> _Task to complete_:
Quote the data exactly, first line to the line containing "Black Summer Never", with no pictures.
───── Data excerpts
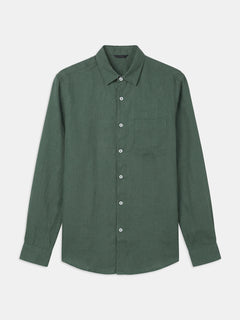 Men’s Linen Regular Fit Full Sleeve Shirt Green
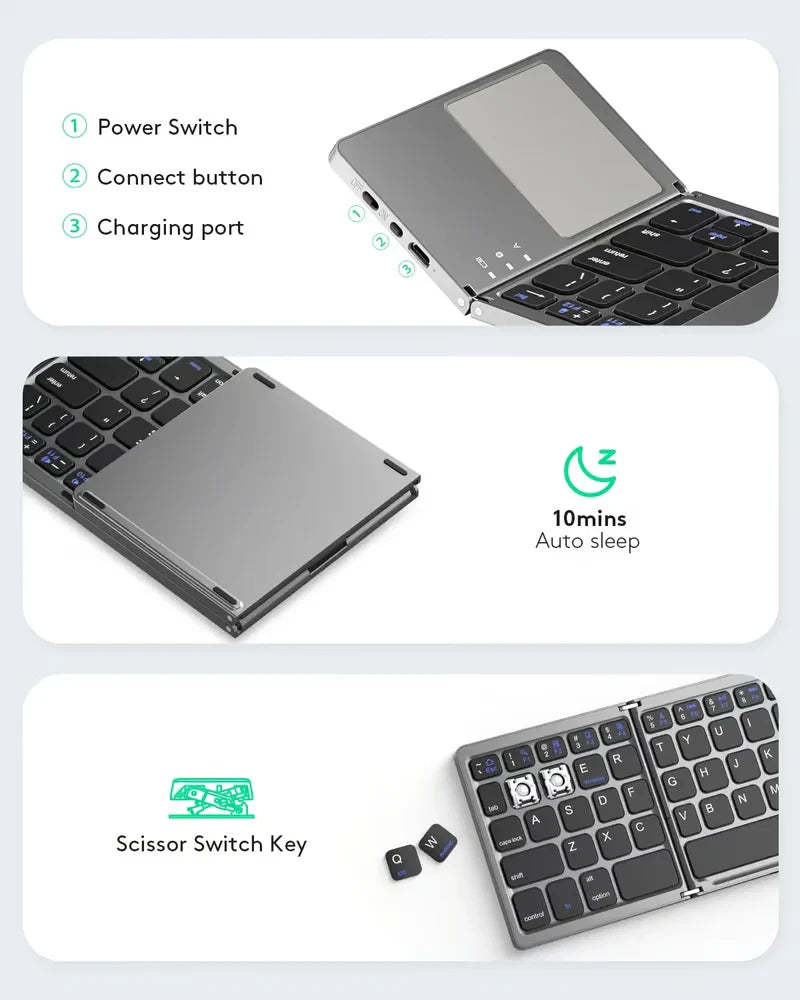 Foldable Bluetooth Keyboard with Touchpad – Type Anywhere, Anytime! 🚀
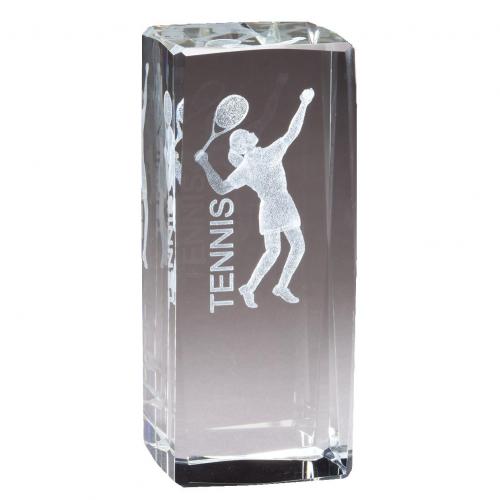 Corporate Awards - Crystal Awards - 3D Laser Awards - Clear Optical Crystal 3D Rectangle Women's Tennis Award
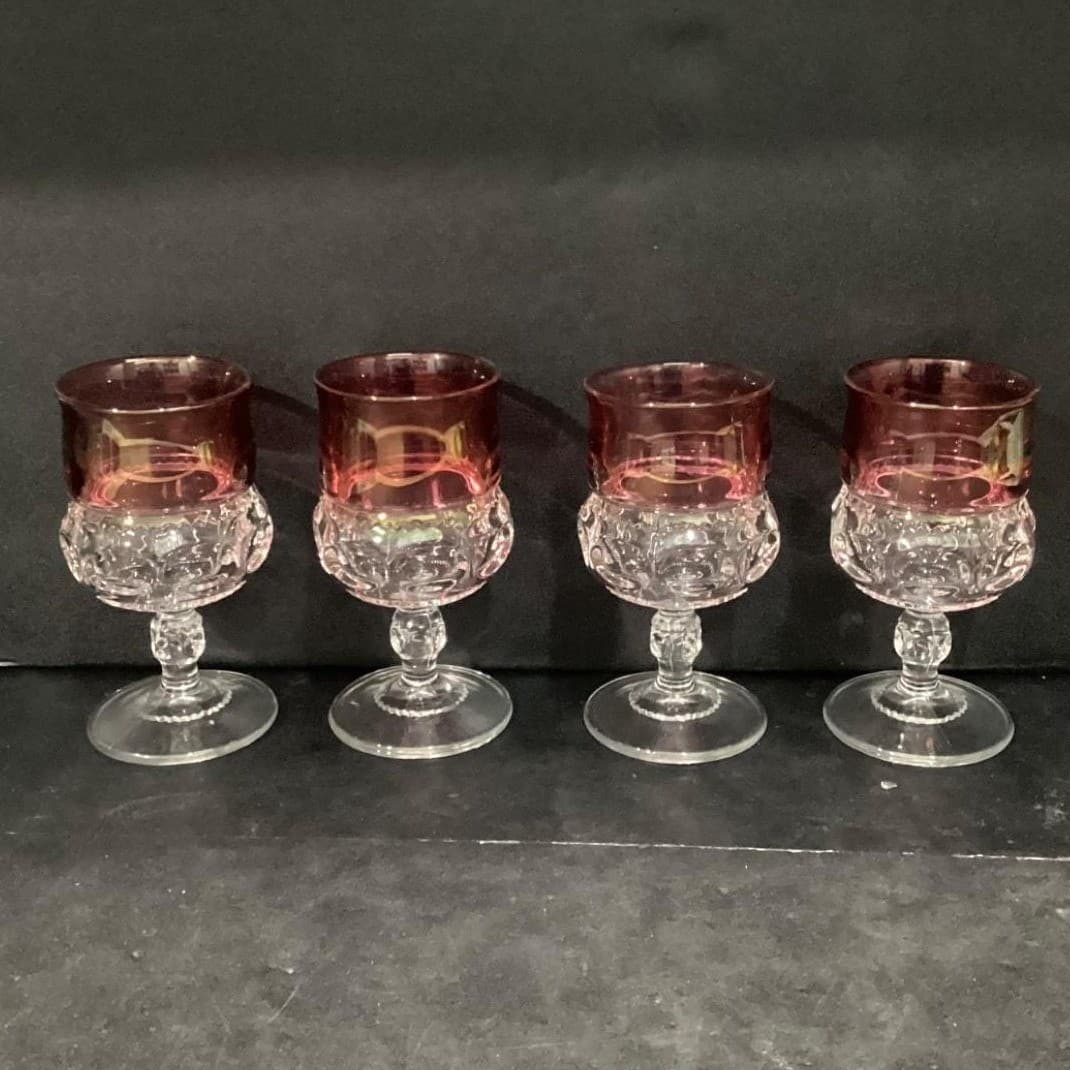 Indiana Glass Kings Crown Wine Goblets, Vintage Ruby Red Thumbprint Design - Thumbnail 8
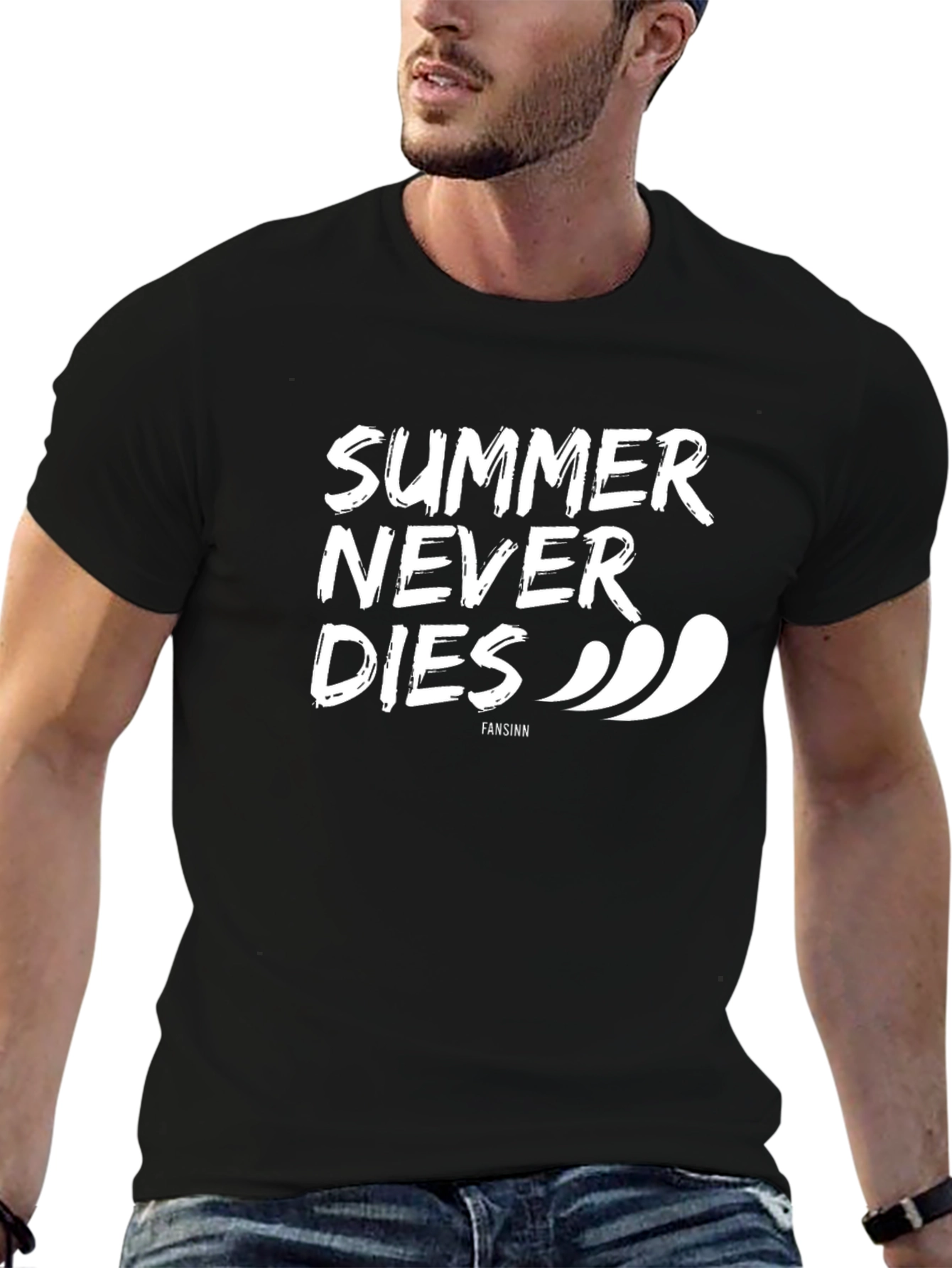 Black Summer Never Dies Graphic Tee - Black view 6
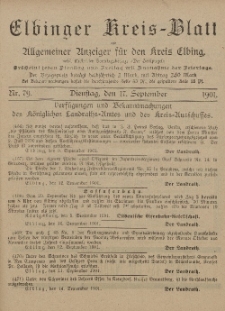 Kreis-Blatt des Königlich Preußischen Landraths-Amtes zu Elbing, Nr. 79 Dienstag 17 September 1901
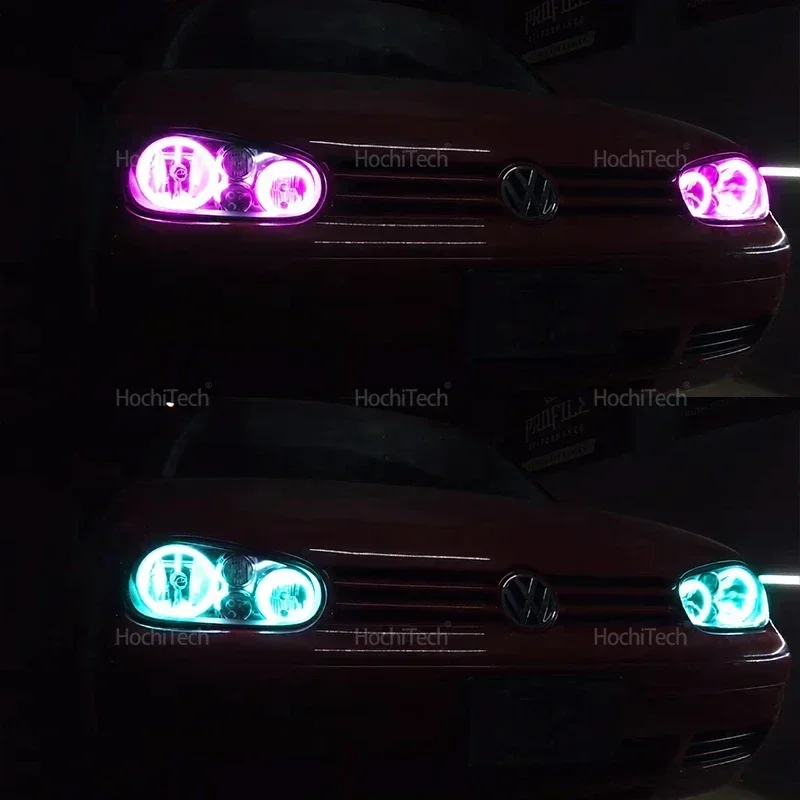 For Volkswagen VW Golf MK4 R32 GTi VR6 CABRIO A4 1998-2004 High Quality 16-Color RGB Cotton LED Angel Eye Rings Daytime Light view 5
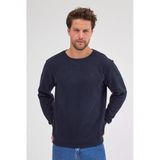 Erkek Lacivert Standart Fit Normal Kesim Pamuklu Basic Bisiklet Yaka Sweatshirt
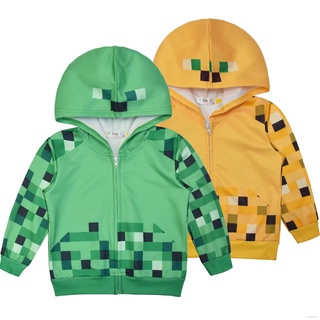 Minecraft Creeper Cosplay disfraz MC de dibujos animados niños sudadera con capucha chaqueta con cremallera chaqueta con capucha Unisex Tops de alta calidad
──────────
> _Reply to the task_:
 Men’s Linen Regular Fit Full Sleeve Shirt Green
 Foldable Bluetooth Keyboard with Touchpad – Type Anywhere, Anytime! 🚀
 Corporate Awards - Crystal Awards - 3D Laser Awards - Clear Optical Crystal 3D Rectangle Women's Tennis Award
 Indiana Glass Kings Crown Wine Goblets, Vintage Ruby Red Thumbprint Design - Thumbnail 8
 Black Summer Never Dies Graphic Tee - Black view 6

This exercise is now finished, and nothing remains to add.